*** Dataset ***

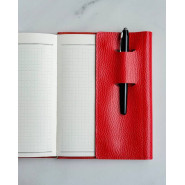 Кожаный блокнот в клетку "Рэдди", цвет красный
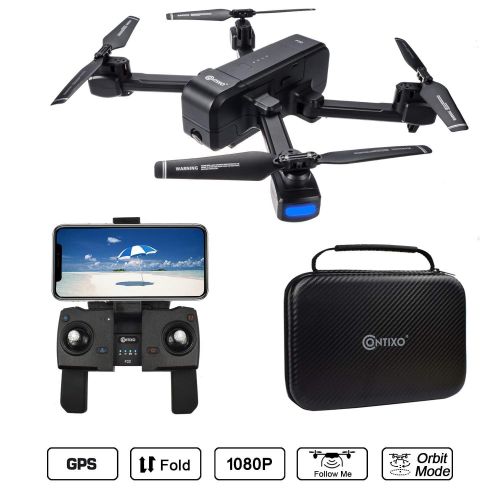  Contixo F22 RC Foldable Quadcopter Drone | Selfie, Gesture, 1080p WiFi Camera, GPS, Altitude Hold, Auto Hover, First Person View FPV, Follow Me, Waypoint Includes Compact Drone Sto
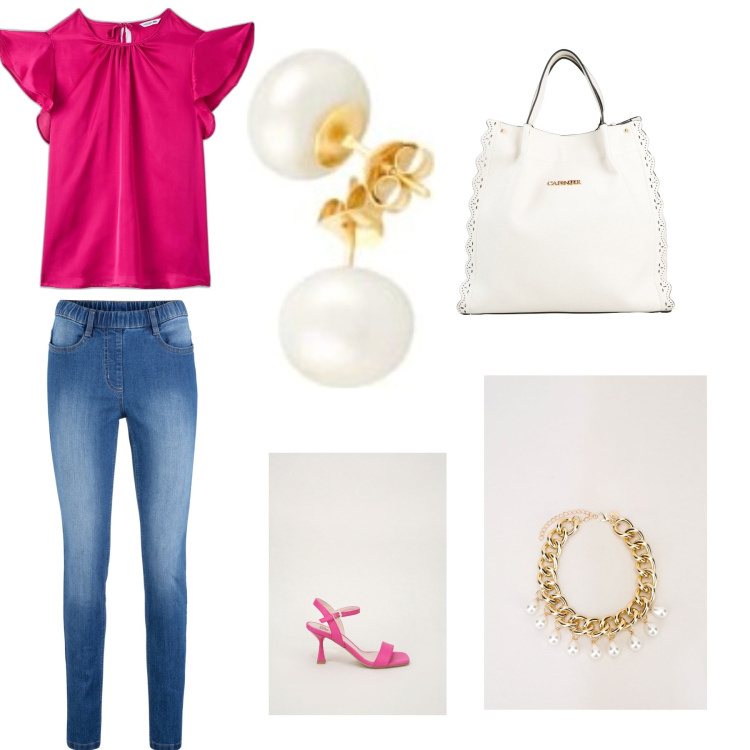 Outfit donna - Aperitivo in città. Abbinamento con jeggings, borse a mano, camicie a manica corta, sandali col tacco, braccialetti, orecchini.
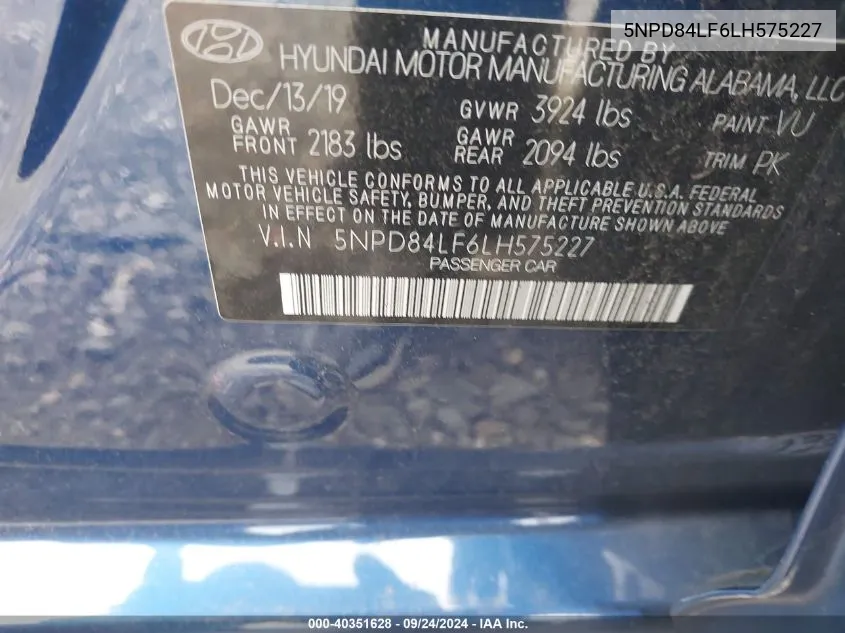 5NPD84LF6LH575227 2020 Hyundai Elantra Sel/Value/Limited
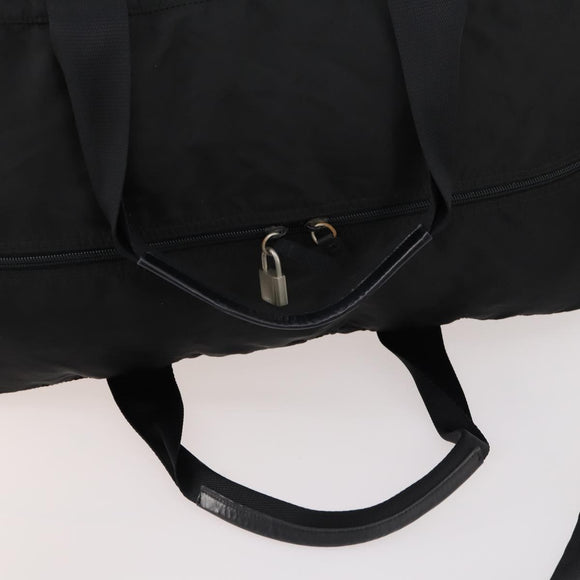 PRADA Boston Bag Nylon 2-Wege Schwarz Silber Auth 172154
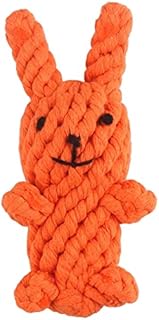 BONOCO Dog Toy Puppy Chew Toy for Boredom - Dog Cotton Rope Toy Rabbit-Shaped Natural Teeth Cleaning Pet Dog Rope Toy-Pet Training/Bite Tolerance/Interaction(Orange) (Color : Carro)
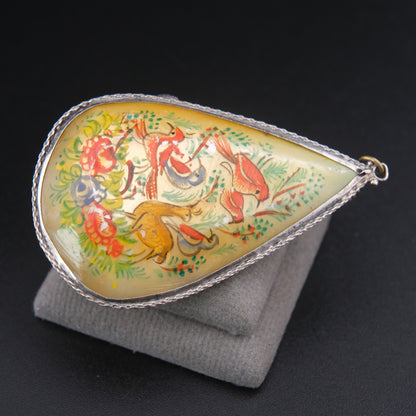 Antique Hand Painted Mother of Pearl Double-Sided Pendant Necklace in Sterling Silver
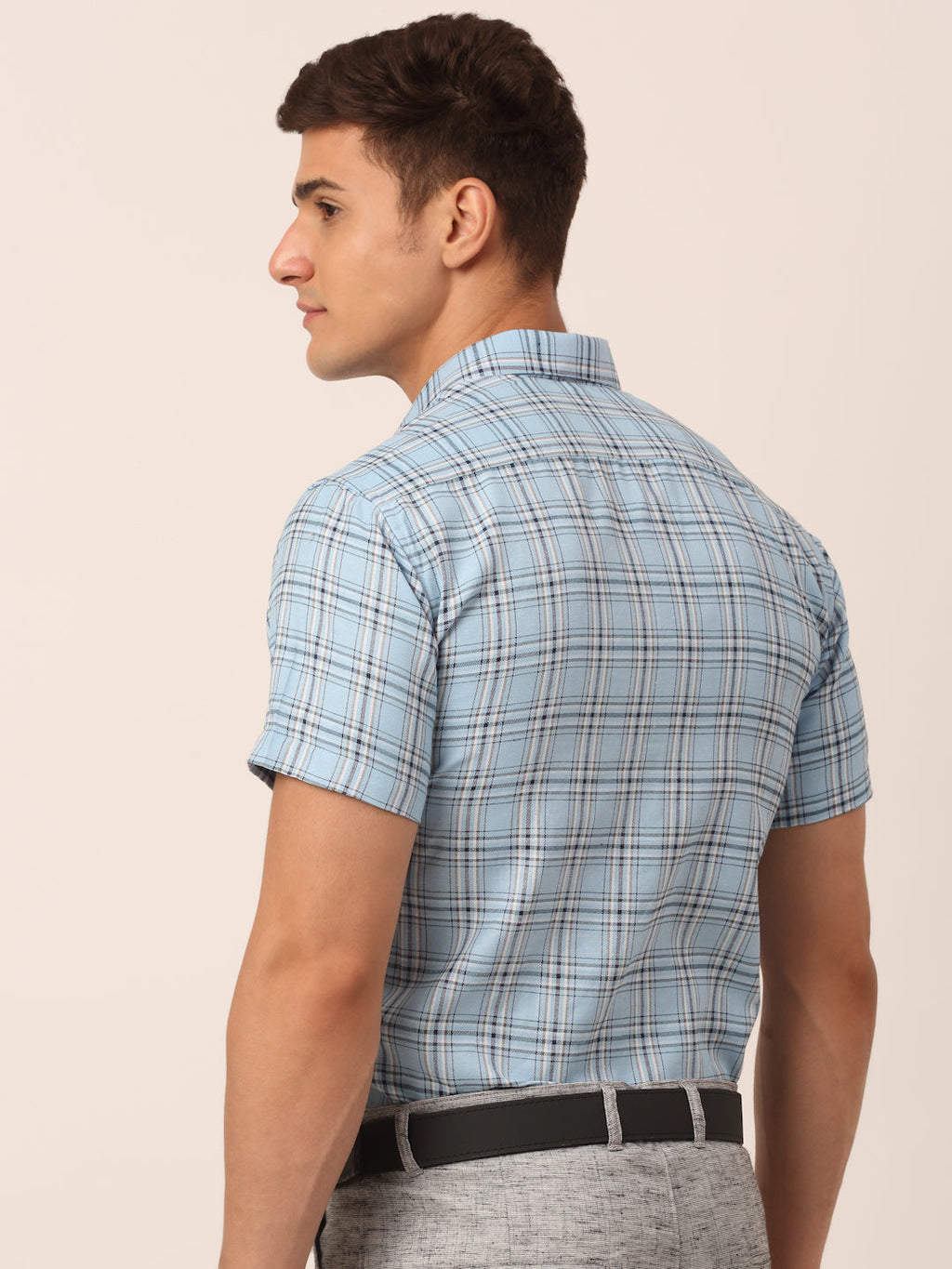 Jainish Men's Cotton Checked Half Sleeves Formal Shirts - Sky Blue | Grocsy
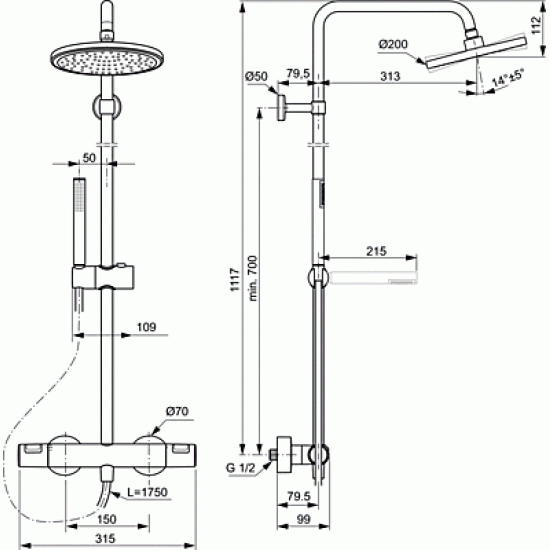 CERATHERM T25 душ система със стенен термостатен смесител
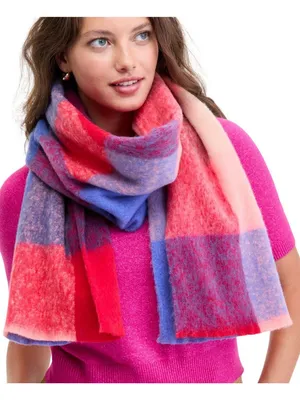 NWT On 34th Brushed Buffalo Plaid Blanket Scarf Fringe Cozy Bright Red Multi thumbnail 1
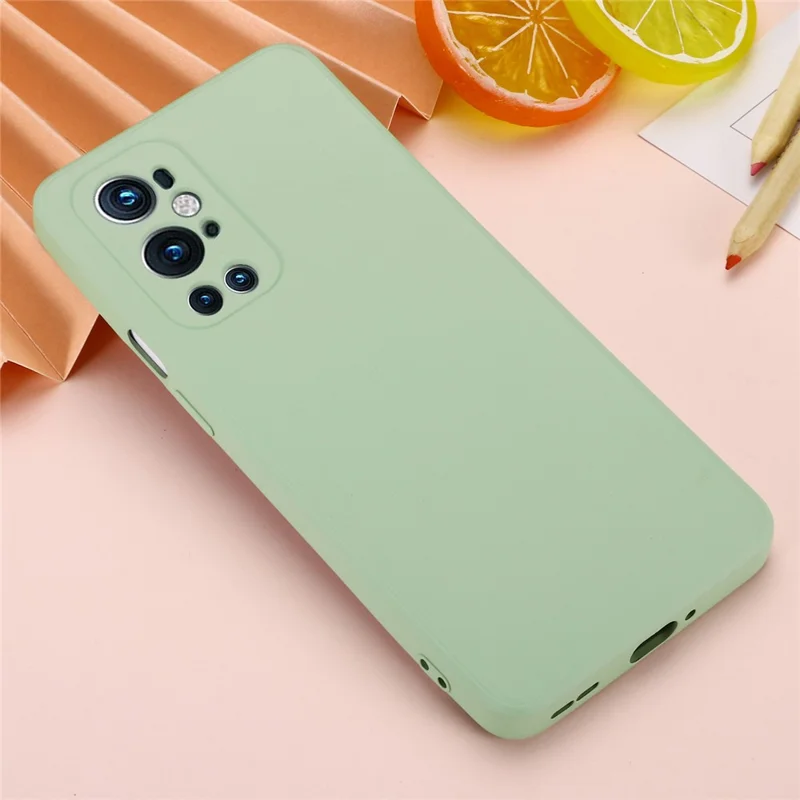 Liquid Silicone Soft Cover Case with Handy Strap for OnePlus 9 Pro - Green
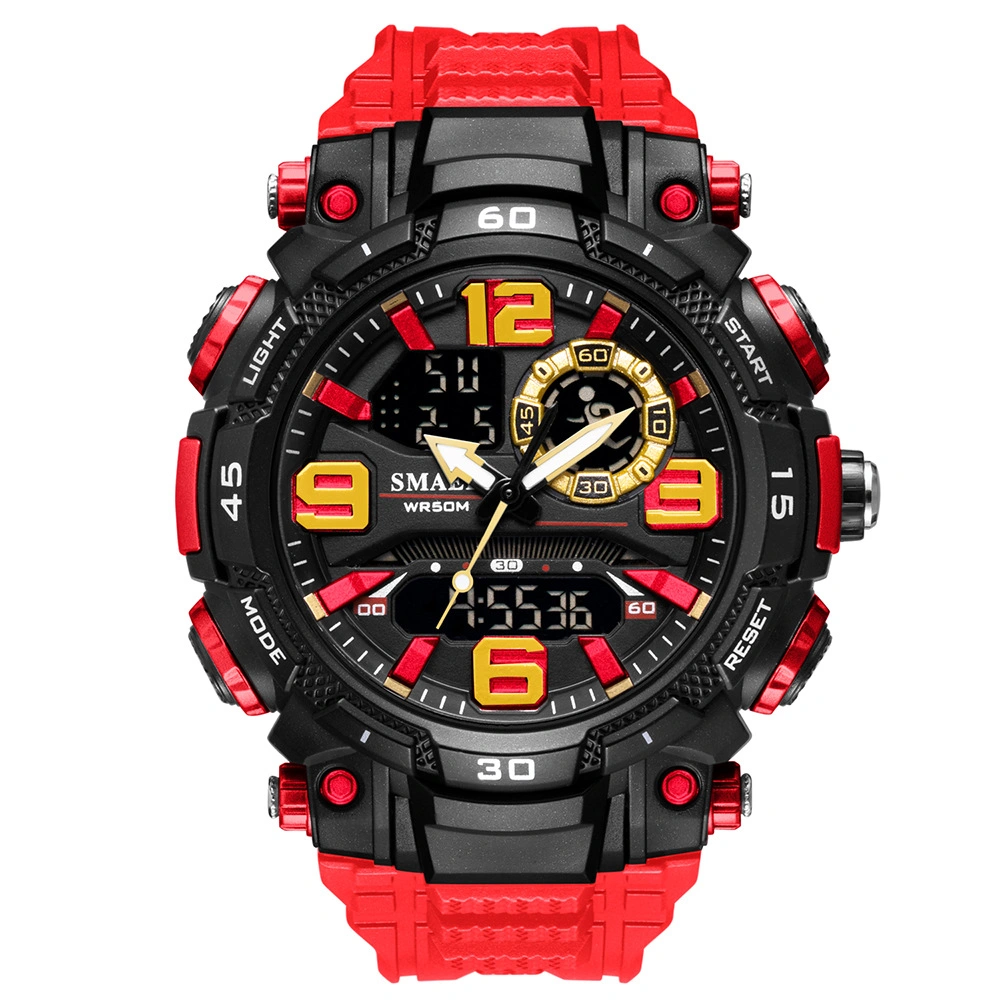 Red Dual Display Electronic Watch Youth Мужская студенческая водонепроницаемая спортивная модель Часы Часы с будильником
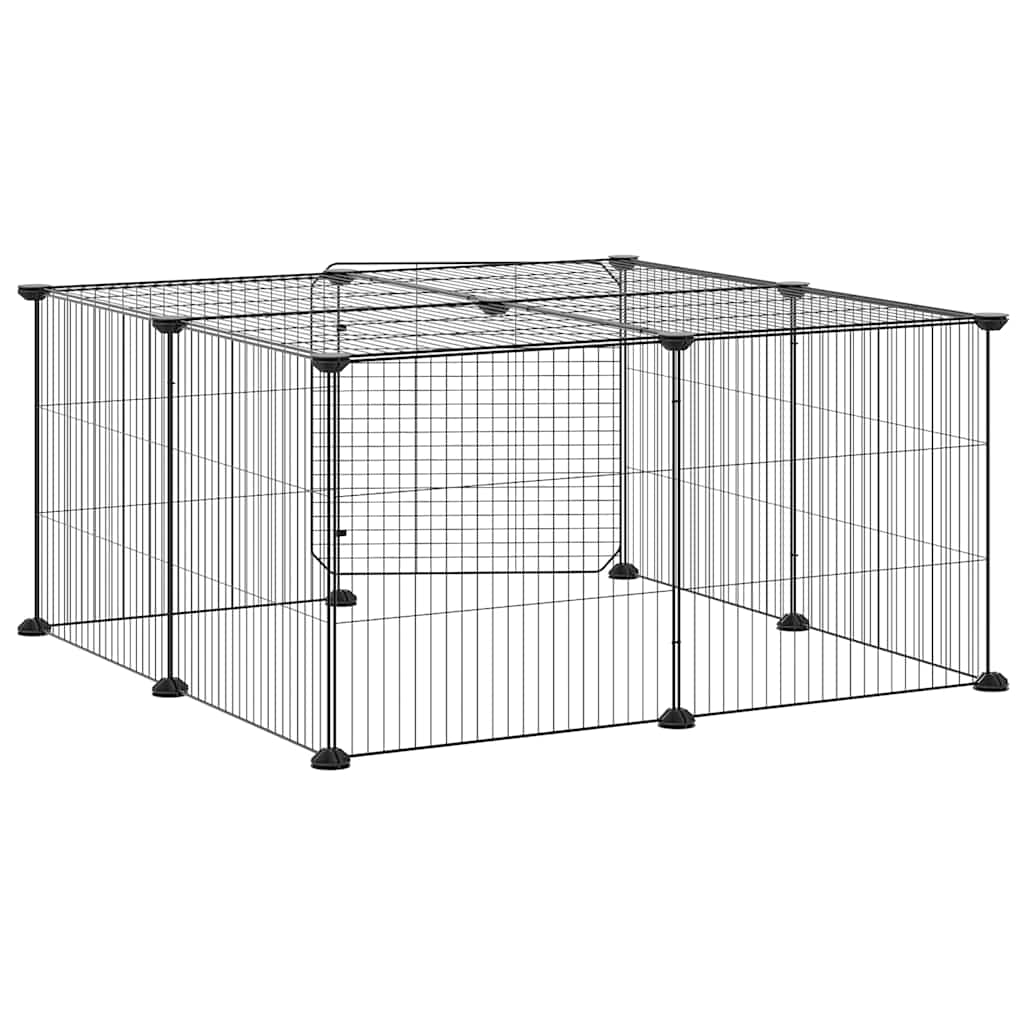 Kavez za ljubimce s 12 panela i vratima crni 35 x 35 cm čelični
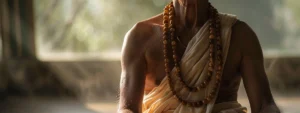 a serene meditator surrounded by a halo of soft light, wearing a four-faced rudraksha bead necklace, radiating inner peace and spiritual growth.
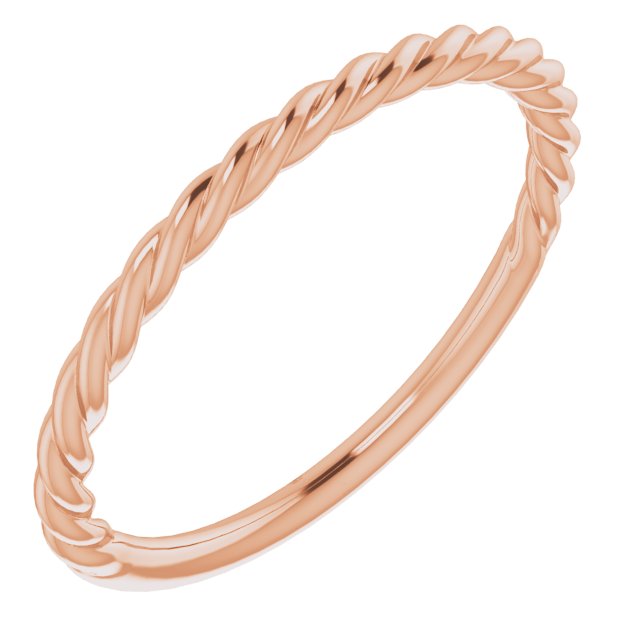 14K Rose 1.7 mm Rope Band Size 9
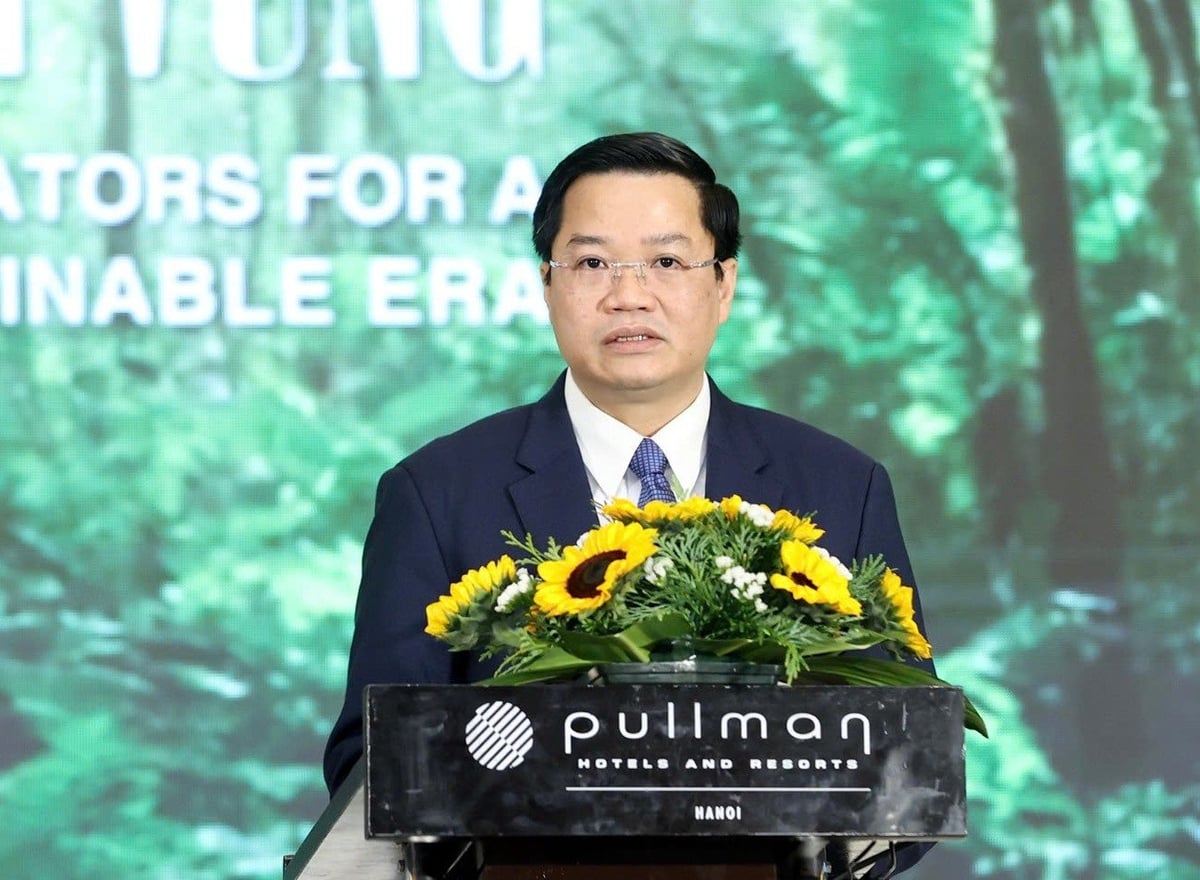 Thứ trưởng Bộ Tài chính Nguyễn Đức Tâm cho biết, tổng giá trị phát hành trái phiếu xanh trong nước đã tăng hơn 60% so với cùng kỳ. Ảnh: Trung Nguyên.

*** End of Dataset ***

■ **What is being asked**: Reproduce the listing verbatim, and keep the pictures out of the copy.

■ **Result**:
 Кожаный блокнот в клетку "Рэдди", цвет красный
  Contixo F22 RC Foldable Quadcopter Drone | Selfie, Gesture, 1080p WiFi Camera, GPS, Altitude Hold, Auto Hover, First Person View FPV, Follow Me, Waypoint Includes Compact Drone Sto
 Outfit donna - Aperitivo in città. Abbinamento con jeggings, borse a mano, camicie a manica corta, sandali col tacco, braccialetti, orecchini.
 5NPD84LF6LH575227 2020 Hyundai Elantra Sel/Value/Limited
 PRADA Boston Bag Nylon 2-Wege Schwarz Silber Auth 172154
 BONOCO Dog Toy Puppy Chew Toy for Boredom - Dog Cotton Rope Toy Rabbit-Shaped Natural Teeth Cleaning Pet Dog Rope Toy-Pet Training/Bite Tolerance/Interaction(Orange) (Color : Carro)
 Antique Hand Painted Mother of Pearl Double-Sided Pendant Necklace in Sterling Silver
 Jainish Men's Cotton Checked Half Sleeves Formal Shirts - Sky Blue | Grocsy
 CERATHERM T25 душ система със стенен термостатен смесител
 NWT On 34th Brushed Buffalo Plaid Blanket Scarf Fringe Cozy Bright Red Multi thumbnail 1
 Liquid Silicone Soft Cover Case with Handy Strap for OnePlus 9 Pro - Green
 Red Dual Display Electronic Watch Youth Мужская студенческая водонепроницаемая спортивная модель Часы Часы с будильником
 Kavez za ljubimce s 12 panela i vratima crni 35 x 35 cm čelični
 a serene meditator surrounded by a halo of soft light, wearing a four-faced rudraksha bead necklace, radiating inner peace and spiritual growth.
 14K Rose 1.7 mm Rope Band Size 9
 Thứ trưởng Bộ Tài chính Nguyễn Đức Tâm cho biết, tổng giá trị phát hành trái phiếu xanh trong nước đã tăng hơn 60% so với cùng kỳ. Ảnh: Trung Nguyên.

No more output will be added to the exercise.